LONDON • Like a man treading over broken glass, Sam Allardyce winces as he recalls the shattering of his ambitions as England manager.
Anger, embarrassment, hurt, self-recrimination - it all tumbles out painfully as Allardyce recalls for the first time how he paid for being a "f*****g idiot" with the job of his dreams.
Sitting in a London restaurant, the anguish is still palpable. Suggest to Allardyce that he has a thick skin and he replies: "Not on this."
The usual boisterousness, his joy at saving Crystal Palace from Premier League relegation, fades as he tells of his downfall and the long drive back up the motorway immediately after the sudden termination of his England reign eight months ago.
He reckons that it took him more than five solitary hours in his Mercedes, drifting along at 80kmh on an empty motorway, unable to listen to the radio, stuck with his thoughts, on a road to nowhere.
"I had never driven back so slowly in my life. I just drove in silence," he says. What was he thinking? He gazes down at his glass of white wine. "Just 's***, s***, s***'."
When he eventually arrived at his modest house in Bolton in the twilight hours of a traumatic day, it was to an ambush. Two paparazzi jumped out of the bushes. Allardyce stood there, resignedly, for a photo.
I couldn't watch. I tried to but I couldn't. It was Wembley and I hadn't even had the opportunity to get a game under my belt at Wembley. It was a gut-wrencher, that.
SAM ALLARDYCE, Crystal Palace manager, on trying to watch an England match on TV after being sacked as national team manager.
Inside, his wife, Lynn, was sitting up, waiting for him. "I just sat there with the missus. She says, 'Whatever comes our way, we'll get over it and get on with it'. Mind you, we didn't realise it was going to get that bad."
They fled to their holiday home on the Costa Blanca, Big Sam's Villa, but, pursued by cameras, ended up living like fugitives, ducking out of sight. "We lived with the blinds down in 30 deg C heat for weeks," he says.
The low point came when, less than a fortnight after he lost his job, England faced Malta in what would have been Allardyce's first game at Wembley, leading out the national team. Sitting in his villa, he tried to watch but had to give up after 10 minutes watching Gareth Southgate's team.
"I couldn't watch," he says. "I tried to but I couldn't. It was Wembley and I hadn't even had the opportunity to get a game under my belt at Wembley. It was a gut-wrencher, that. That would have been a big moment for me. I wasn't just proud to be the England manager. I was also ready."
The curse of the England tracksuit? "You know it's going to happen to you sooner or later," he says. "It just happened to me far too soon."
Even in the turbulent history of the national team, it was an extraordinary episode - and, in many ways, still a little baffling.

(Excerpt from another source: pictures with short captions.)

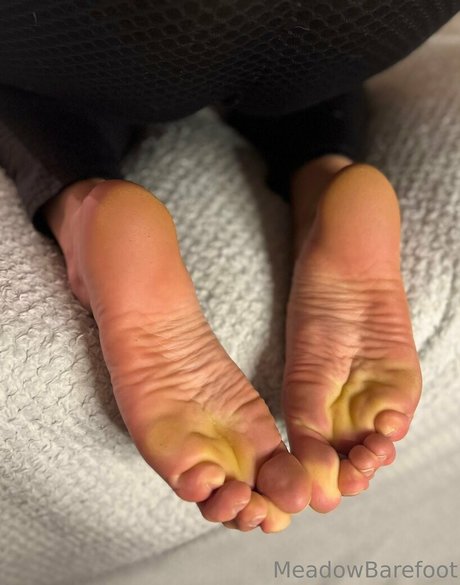 Foto di nudo di fuga di OnlyFans di Meadowbarefoot
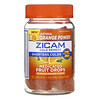 Zicam, Cold Remedy, Medicated Fruit Drops, Ultimate Orange, 25 Drops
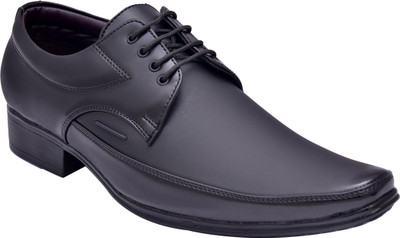 

Fentacia Explicit Lace Up Shoes For Men(Black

Allardyce is not about to deny that he messed up. "I should have kept my big mouth shut," he says of the newspaper sting that he should have seen coming.
But Scott McGarvey, an agent down on his luck, kept pestering him to meet these businessmen who were dangling lucrative opportunities.
"He was so desperate, the lad, for this position, and I thought there was no harm going along and seeing if I could help him," Allardyce says. "And he was saying it was possible that on the back of that there could be something in it for me, if I fancied it."
Undercover reporters tried to draw Allardyce on bungs but, as is often overlooked, he reacted with indignation. "What are you talking about, you idiot?" he retorted.
They discussed third-party ownership of players but hardly in a way that was sinister. They offered well-paid speaking engagements, which he said he could accept with the Football Association's (FA) approval.
He stayed too long, had a glass of wine too many. "You know me. Someone asks and I give them an opinion. My missus always tells me, 'You do too much'. That caught me again."
In truth, he had said little that was incriminatory but "England Manager For Sale" was the shock-horror story.
After ensuring Palace's safety, he says that he feels healed, reinvigorated by what he has achieved. He seems to mean it, believe it. Yet, at home in his wardrobe is his England suit and the FA tracksuit, reminders of what he had all too briefly.
"I have been England manager," he says. "I did reach the pinnacle of my career by actually getting that job."
But would you take it again? "No. Not now," he replies ruefully - moving on, yet forever stuck with his thoughts of what might have been.